作画B(彩色)

2009619

106259 高井陸雄

 

原画や動画が出来上がると、それらは彩色の工程に回される。そこではまず色の指定が行われる。一枚の絵を完成させるのに必要な色は人物だけでも、髪の毛でノーマルと影の最低2色ずつ、さらに口の中の歯や歯茎や舌の色なども細かく指定されており、それが人物ごとに違うので何十色にもなる。

色の指定が終わると2009年現在では、動画用紙に書かれた動画をパソコンに取り込みデジタルデータにすることが多い。この工程は「スキャン」と呼ばれる。スキャンの際に一本の線の中で太さの変化は写し取れるが、鉛筆の濃さの変化はうまく写し取れない。

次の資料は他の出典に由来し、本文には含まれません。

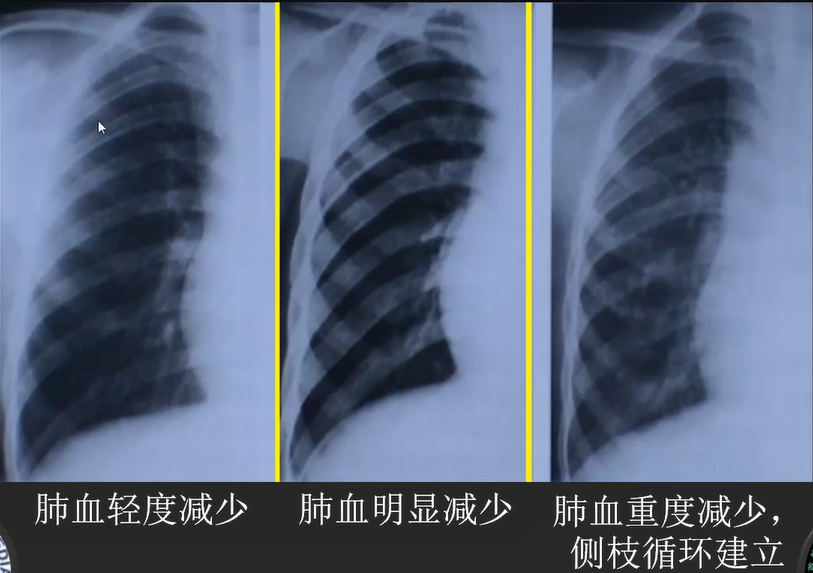 儿科先天性心脏病 消化系统疾病影像诊断难点多 了解这些少踩坑 腾讯新闻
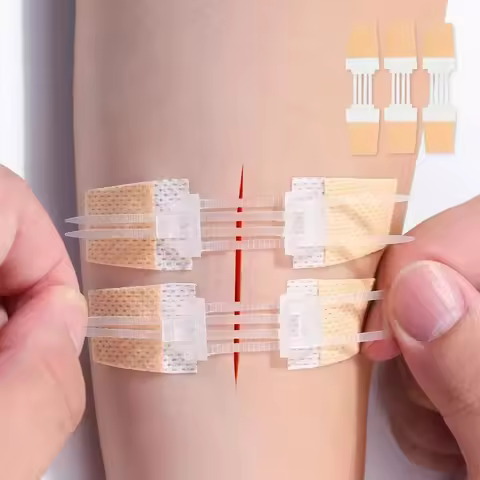 3pcs/set Band-Aid Zipper Tie Wound Closure Patch Hemostatic Patch Wound Fast Suture Zipper Band-Aid 
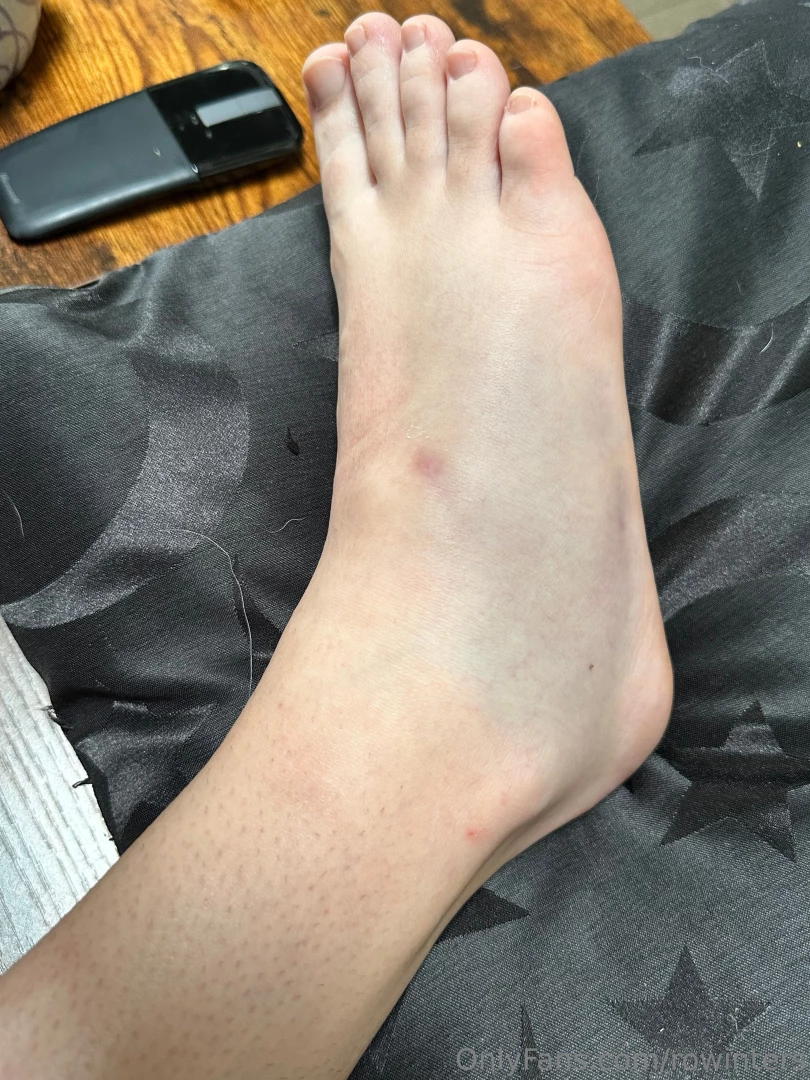 Your fave pnw hottie broke her foot and therefore can t do her regular 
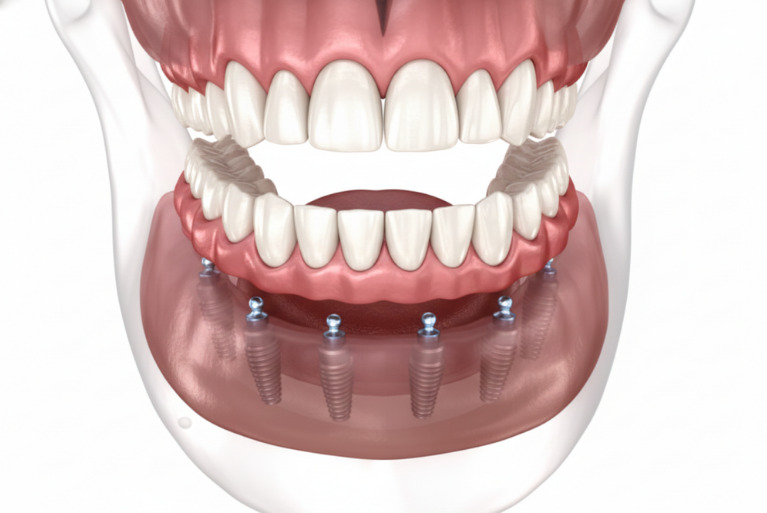 All-on-6（オールオン6）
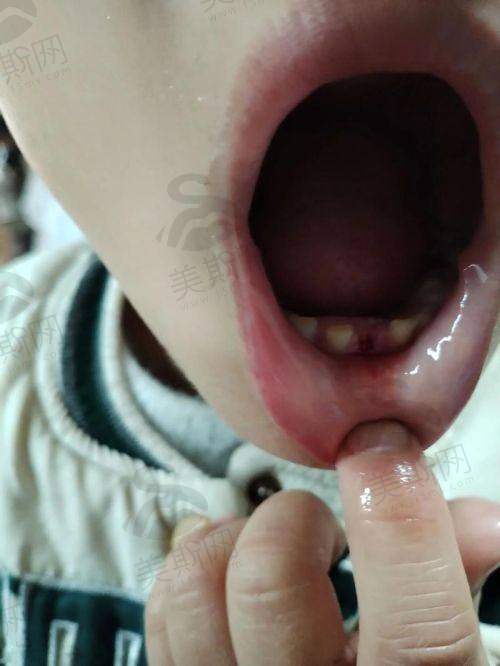 湖北宜昌爱合口腔医院特色技术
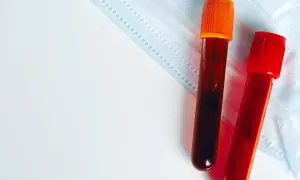 Dwie probówki z krwią na tle maseczki ochronnej. Wyniki badań, w tym egfr norma, czekają na analizę.
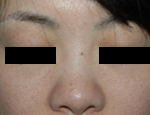 ヒアルロン酸による隆鼻（鼻背に注入）前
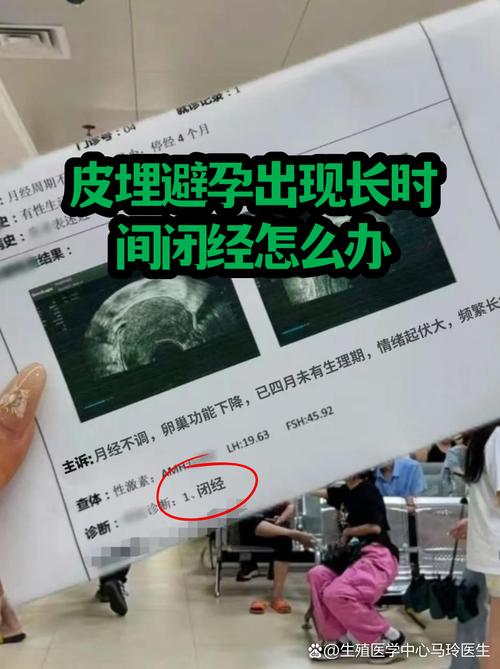 皮下埋植后月经不规律要紧吗
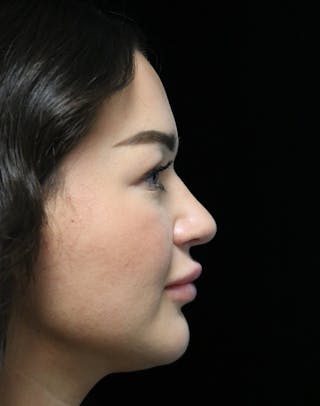 Beverly Hills Rhinoplasty Before & After Gallery - Patient 750619 - Image 2 Dr. Deepak Raj Dugar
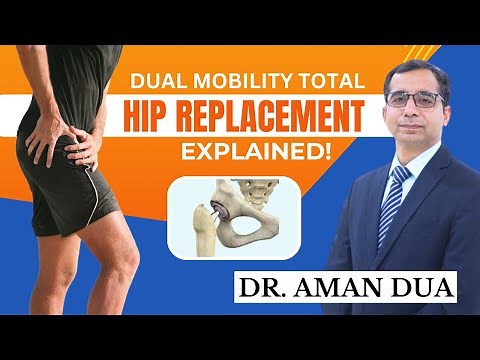 Dual Mobility Total Hip Replacement: Benefits and Procedure Explained | Dr Aman Dua #hipreplacement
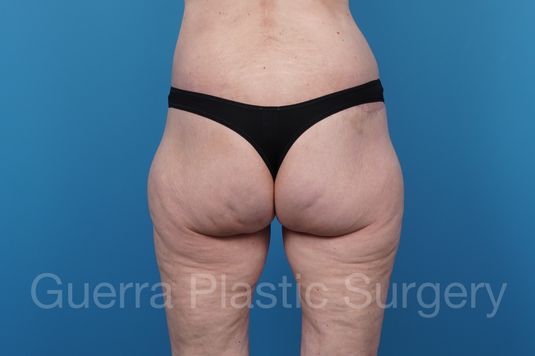 prev Case #39777 After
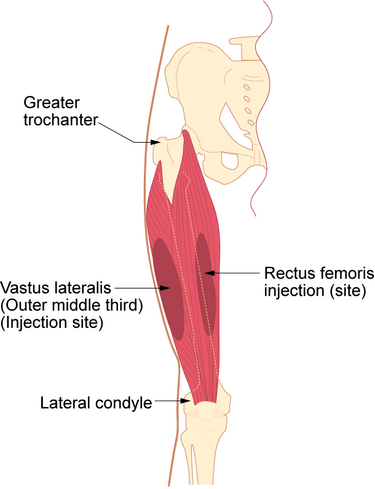 File:Im-vastus-lateralis.png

そのためスキャンの後には途切れた線の修正を行う。

デジタルデータでは色を塗る部分が閉じていないと、隙間から塗り漏れを起こし、色を塗ることが出来ない。そのため線の修正は必須となってくる。セルに直接書いた場合は多少線が繋がっていなくても、絵の具を用いて彩色を行うので塗り漏れは起こらないという利点がある。

線の修正が終わるといよいよ彩色を行う。セルを使っていた頃は絵の具を塗った後に乾かす手間が必要だったが、デジタルペイントではそれがないため作業効率が大幅に上がった。また絵の具と違い同じ色を連続して使用するのが容易なこと、さらに特定部位を拡大して細かな彩色が可能であること、彩色の誤りがあっても修正が容易であるなどの多くの利点がデジタルペイントにはある。

彩色が終わるとアニメにおける動く素材が全てそろうことになる。